TW: Trying a little jujitsu here. Free markets are fairly revered in the U.S., more than they deserve in my opinion. Not that they are bad but just not the panacea many folks perceive them to be. One reason they are not a panacea is certain economic activities are not priced by the market. I discussed them a while back here.
Burning carbon creates negative externalities that are not priced into the market. As Klein outlines some folks would like to get all granola-ish and somehow reduce their carbon footprints. This is a highly inefficient way to accomplish a valid goal. I am for letting the market function by pricing in the negative impact of carbon emissions. Folks can argue over how to value those negative externalities (i.e. is climate change real, do we really care if we are subsidizing Chavez/Ahmadinejad etc., do we care if we need to deploy our troops in hellholes to guard oil supplies, would have less sulfur in the air be a good thing) but pricing carbon is the right way to do it.
From Ezra Klein at WaPo:
"...making sensible decisions about how to reduce carbon emissions is really, really hard. It's intuitive, for instance, to eat local foods. But it's less intuitive to eat foods that are shipped rather than trucked. And few people know that it's much more important to reduce meat than reduce miles.

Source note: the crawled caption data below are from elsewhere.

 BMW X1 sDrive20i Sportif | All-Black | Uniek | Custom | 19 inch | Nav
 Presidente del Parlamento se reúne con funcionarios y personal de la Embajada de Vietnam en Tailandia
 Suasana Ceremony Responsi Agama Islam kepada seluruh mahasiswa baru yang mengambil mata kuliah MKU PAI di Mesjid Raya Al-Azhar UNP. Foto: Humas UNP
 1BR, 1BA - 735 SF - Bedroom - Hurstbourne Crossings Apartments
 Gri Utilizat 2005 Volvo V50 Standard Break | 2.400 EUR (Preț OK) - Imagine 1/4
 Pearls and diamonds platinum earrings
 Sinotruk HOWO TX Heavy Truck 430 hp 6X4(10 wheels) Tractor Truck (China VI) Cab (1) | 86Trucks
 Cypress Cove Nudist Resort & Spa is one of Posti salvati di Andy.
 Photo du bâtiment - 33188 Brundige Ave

...Lots of activities burn carbon. Some, like driving, have been hyped, and everyone knows about them. Some, like raising large numbers of animals to feed to humans, have not been hyped, and so people don't know about them. Some, like whether to take the bus or the metro, are simply unclear to people who haven't studied the issue. Asking people to be carbon calculators is a silly way to reduce their carbon output.

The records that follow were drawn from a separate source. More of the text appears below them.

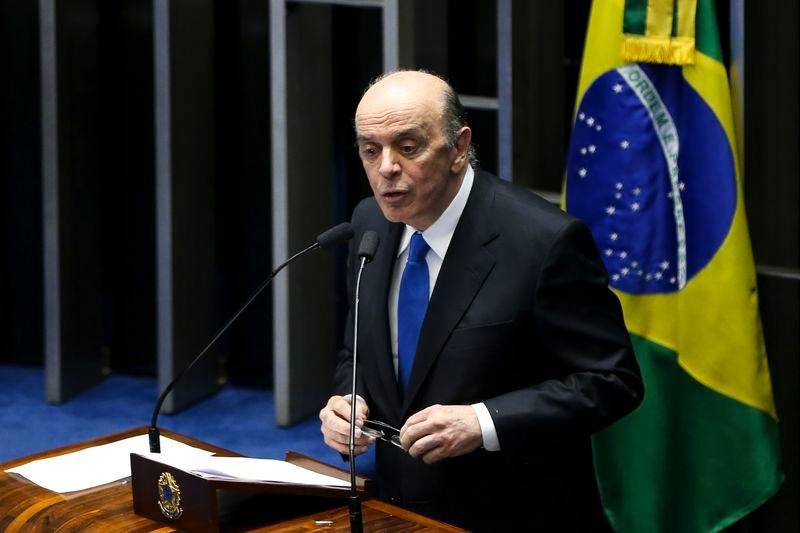 Senador &eacute; autor do projeto que revoga a participa&ccedil;&atilde;o obrigat&oacute;ria da Petrobras na explora&ccedil;&atilde;o do pr&eacute;-sal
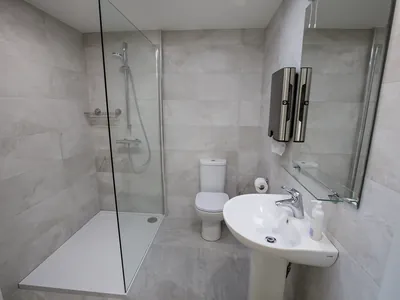 Bathroom en suite bedroom | Retreat venue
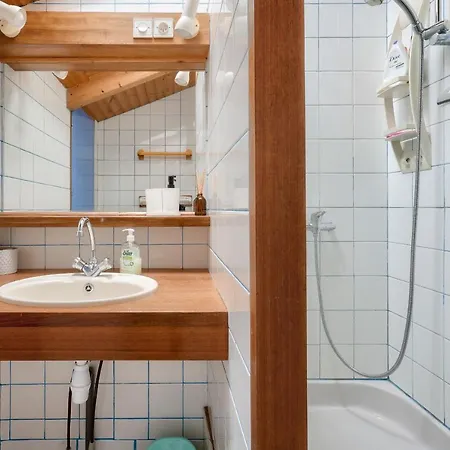 Vakantiehuis A 600m De La Mer, Maison Pour 8adultes,3enfants *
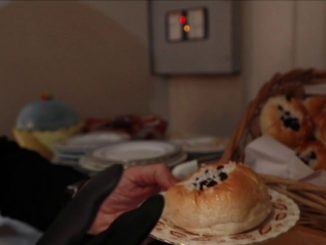 Noël et fêtes de fin d’année : à la découverte de Bath, la ville aux deux brioches
Le 13 heures vous fait découvrir la brioche de Bath, en Angleterre, mardi 6 décembre. Aussi appelée la ville aux deux brioches, la ville anglaise perpétue la tradition.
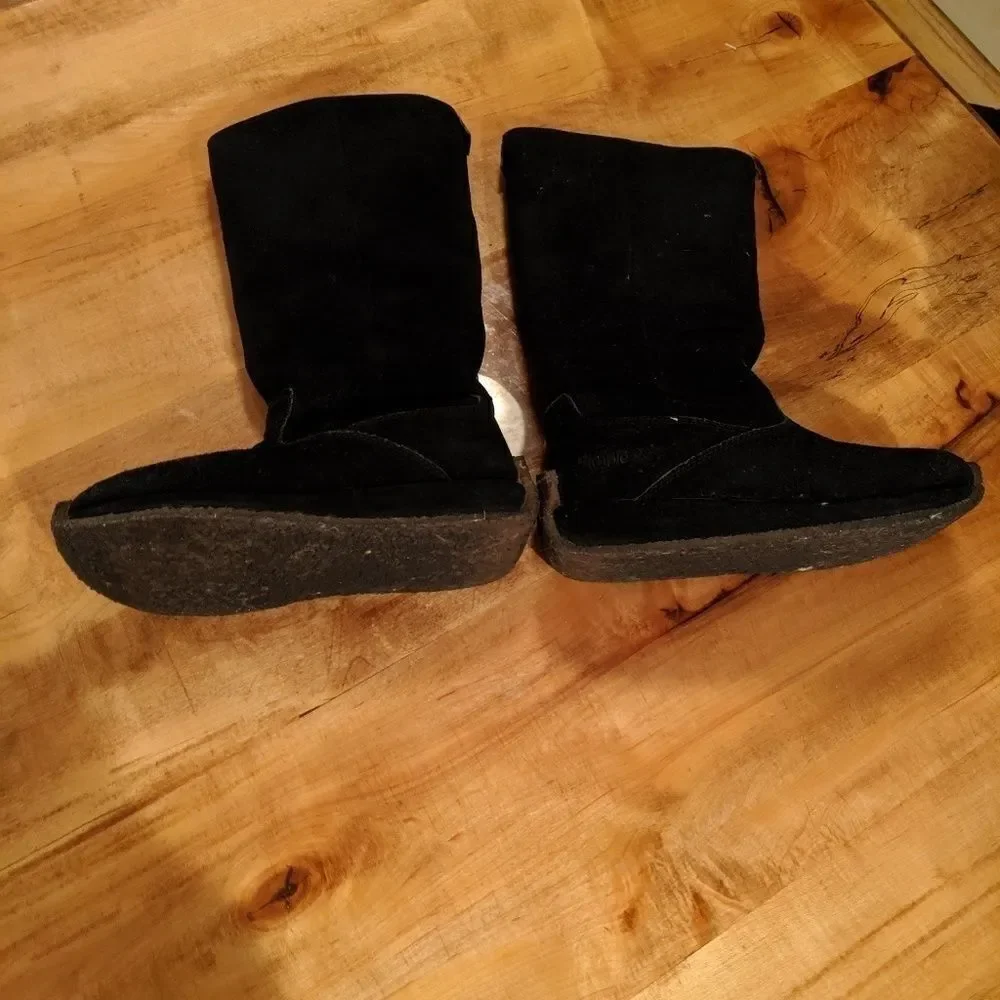 Simple Sheep black leather and wool boots size 7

The problem is not that we burn carbon. It's that we don't price the harm of the carbon we burn into the products we buy. To put it slightly differently, it's that we don't burn carbon responsibly. That's why something like cap-and-trade, or a carbon tax, makes sense. The point isn't to have me running a thousand calculations about whether I should drive, walk, metro or bike; or whether I should eat a local chicken or buy a spinach salad. It's to have me simply go about my day and let prices make those decisions for me. Goods or services that burn more carbon will be more expensive. Goods or services that burn less will be less expensive. That's information I actually know how to use."